The Ohio Novels are going to be under a pseudonym well separate from the OTHER pseudonyms I’ll be moving to.
I am finally biting the bullet on the whole issue of using pseudonyms, which I’ve resisted for thirty years.
I am a broad writer, with a big backlist of fiction in many genres and an equally big backlist of nonfiction (though most of that is exclusively on my writing site, HollysWritingClasses.com), and I was the idiot who believed from the beginning that all my books should be under my real name.
Turns out, that’s an awesome way to guarantee you’re going to bring folks who love just one of your genres to a shit ton of stuff they’re guaranteed to hate.
Most of my pseudonyms are going to be public.
My SF is going to be under HD Lisle.
My high fantasy is going to be under Holly Lisle.
My nonfiction is going to be under Holly D. Lisle.
These books and classes are all already out there, I have already wrecked their find-your-perfect-audience hopes and killed their Amazon also-reads, and while some day I may successfully clean up that mess, these books can’t be my priority. Hoping to get them to sell better is going to be like towing big iceburgs with rowboats.

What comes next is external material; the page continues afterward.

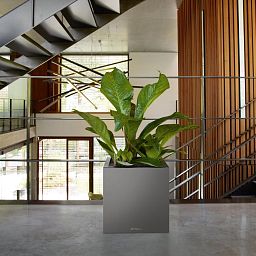 LECHUZA CANTO Low Square Poly Resin Self-watering Planter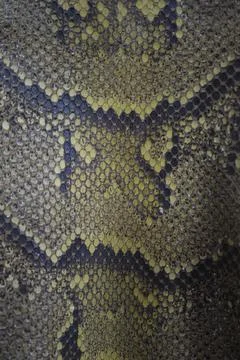 Skinned python leather with scales and colors texture Photos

I’m going to have to re-cover, re-blurb, re-link, re-promote, and bring in the new pen names WHILE writing fiction full-time AND taking notes for the update of my How to Revise Your Novel class, and none of this stuff is going to happen overnight. It’s a process.

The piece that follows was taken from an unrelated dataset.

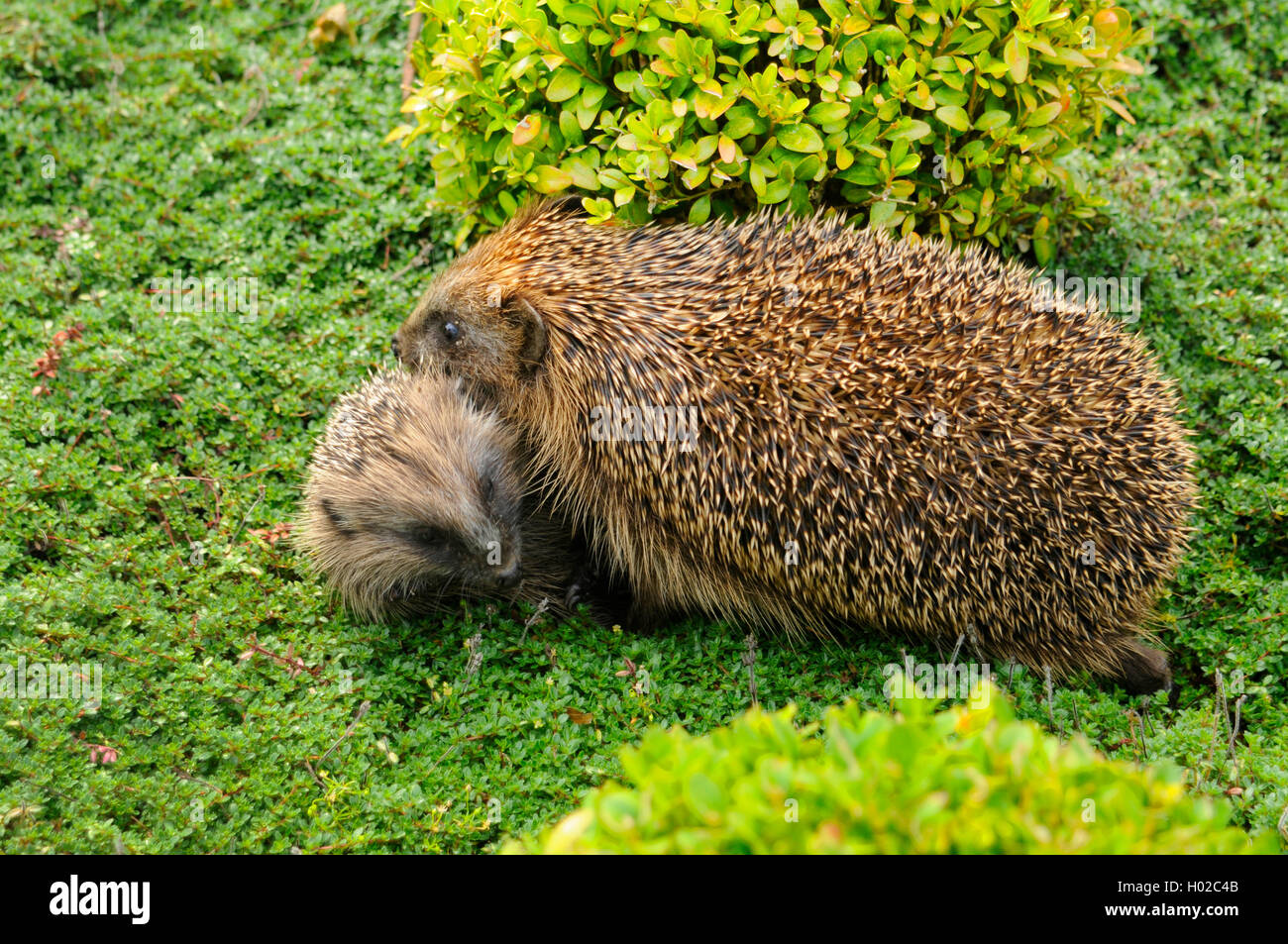 Europaeischer Igel, Westeuropaeischer Igel, Westigel, West-Igel, Braunbrustigel, Braunbrust-Igel (Erinaceus europaeus), Mutter m Foto Stock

My urban fantasy Ohio Novels, however, are NOT going to be under a public pseudonym for the initial book launches. (There’s nothing I can do to keep folks from outing my pseudonym eventually, but at least I can give the Ohio stuff a chance to build an audience that doesn’t also bombard them with everything else I’ve ever written that they would hate.)

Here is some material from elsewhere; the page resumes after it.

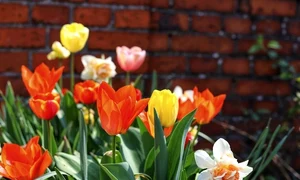 narcise si lalele jpg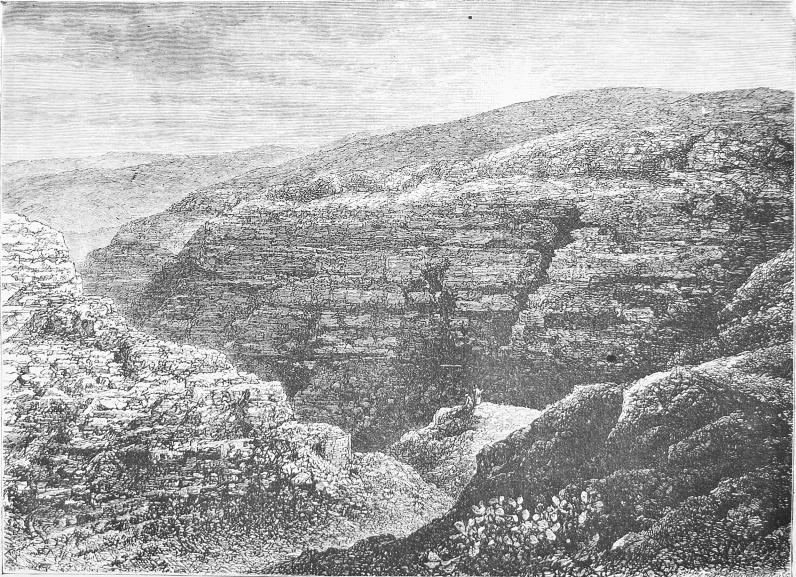 39. Juda öken.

I’m going to give them the best chance of finding their perfect audience that I can manage.
BUT anyway…
You can see by today’s screenshot exactly how far along I am in Ohio #2, and what I’ve done so far today. It’s not mammoth progress, but done consistently, it does add up.
And that’s where I am right now. Stressed like everyone else, doing five days a week of manageable word counts on the second of five books, having the occasional day where the words actually fly…
And now once again taking my fiction-writing process public in small and manageable ways. And, I hope, reconnecting with some old friends who used to hang out here with me.